5.1. Contributions and Implications
The contributions made by the prior studies in the field of ERM practices, CA and SMEs performance are significant. In fact, prior studies have examined the direct impact of ERM on performance and mix results have been generated. However, this study contributes to the existing literature in several ways. For instance, this research examines the mediating role of CA between ERM and firm performance that has been rarely touched especially in the SME sector. Similarly, the moderating role of FL between ERM and CA has remained untouched. Moreover, many studies in terms of ERM and CA are focused on European regions while emerging markets have received minor attention. This research is examined in the emerging market of Pakistan by testing the hypotheses using AMOS. Our findings reveal that firms, where there are formal ERM practices, can achieve a competitive position and enjoy superior performance. Unlike prior studies, where often financial performance has been targeted, this study reveals that ERM practices are essential for gaining financial and non-financial performance. Additionally, this research supports the RBV theory and claims that ERM practices and financial literacy, as firm internal skills can facilitate sustainable competitive advantage and performance.

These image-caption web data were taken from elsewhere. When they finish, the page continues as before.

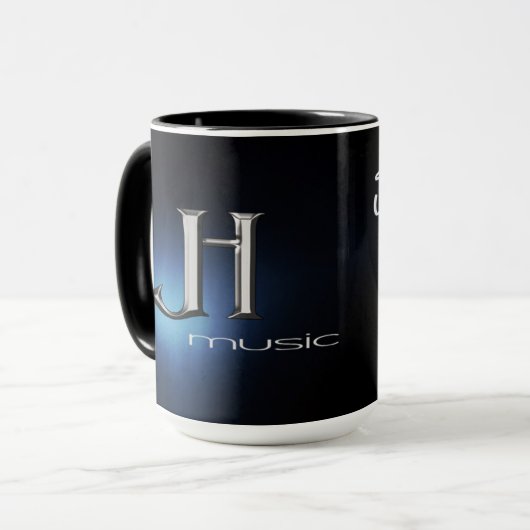 Mok - JH Music Logo (Voorkant links)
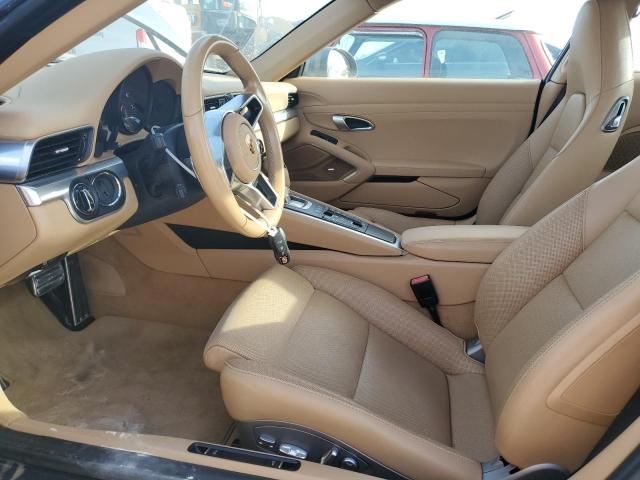 Photo 7 from auction – 2017 PORSCHE 911 CARRER with VIN WP0AA2A99HS106876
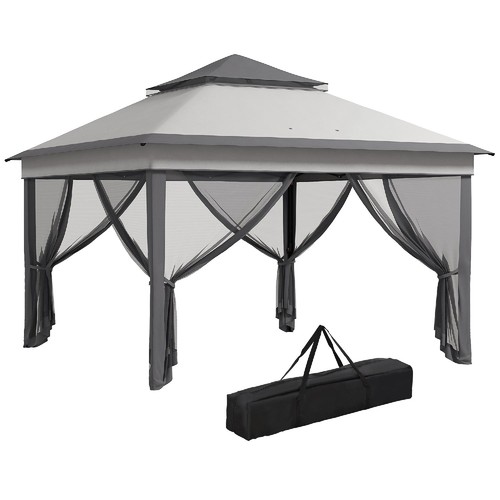 Gazebo giardino 6x3 - giardino,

This study suggests several practical implications for owners, top management, and CEOs of business organizations to give considerable attention to ERM practices and financial education to gain competitive advantage and high profit. It is undoubted that every business organization is inclined towards profit earning. For this purpose, every small-, large- or medium-sized firm is persistently struggling to gain an advantageous position in the market and therefore better performance. To achieve this goal, a firm may need huge resources which may lead high to risk. From this perspective, small firms in particular, due to limited resources, are looking for less risky attempts to achieve their goals. This study advised owners and managers to give enough time to ERM to reduce different types of costs related to material, supply, and wages. It is also argued that ERM does not automatically give proper results until top management are aware of financial affairs and policies. Hence, firms are advised to consider highly financially literate managers for their strategic policies and planning. Additionally, the Small and Medium Enterprise Authority (SMEDA), being a responsible authority of SMEs in Pakistan, is advised to formulate its strategies and is recommended to initiate programs for top management to educate them in ERM and financial literacy. The implications are not only limited to emerging economies; other developed economies can benefit equally from the findings of this research.
5.2. Limitations and Future Research Directions
Despite the fact that this study has several important contributions to the existing literature, it is still not beyond limitations that can be addressed in future studies. We focused on SMEs operating in the emerging market of Pakistan, which may not be a suitable representative of the whole world including emerging and developed markets. Hence, the model can be tested in other emerging and developed economies to gain more fruitful insights. Moreover, researchers are advised to do a comparative study between emerging and developed economies to explore more useful results. This study can be extended in large firms where CEO and audit committee policies can be considered as suggest by Ludin et al.
) so that there is a significant relationship between CEO characteristics, audit work and risk management. Though we examined the moderating role of financial literacy between ERM and CA, future researchers can test the moderator between ERM practices and firm performance. Further research is needed to check the mediating role of each competitive strategy, e.g., cost leadership strategy and differentiation strategy, to disclose how ERM provides cost-based and differentiation-based competitive advantage.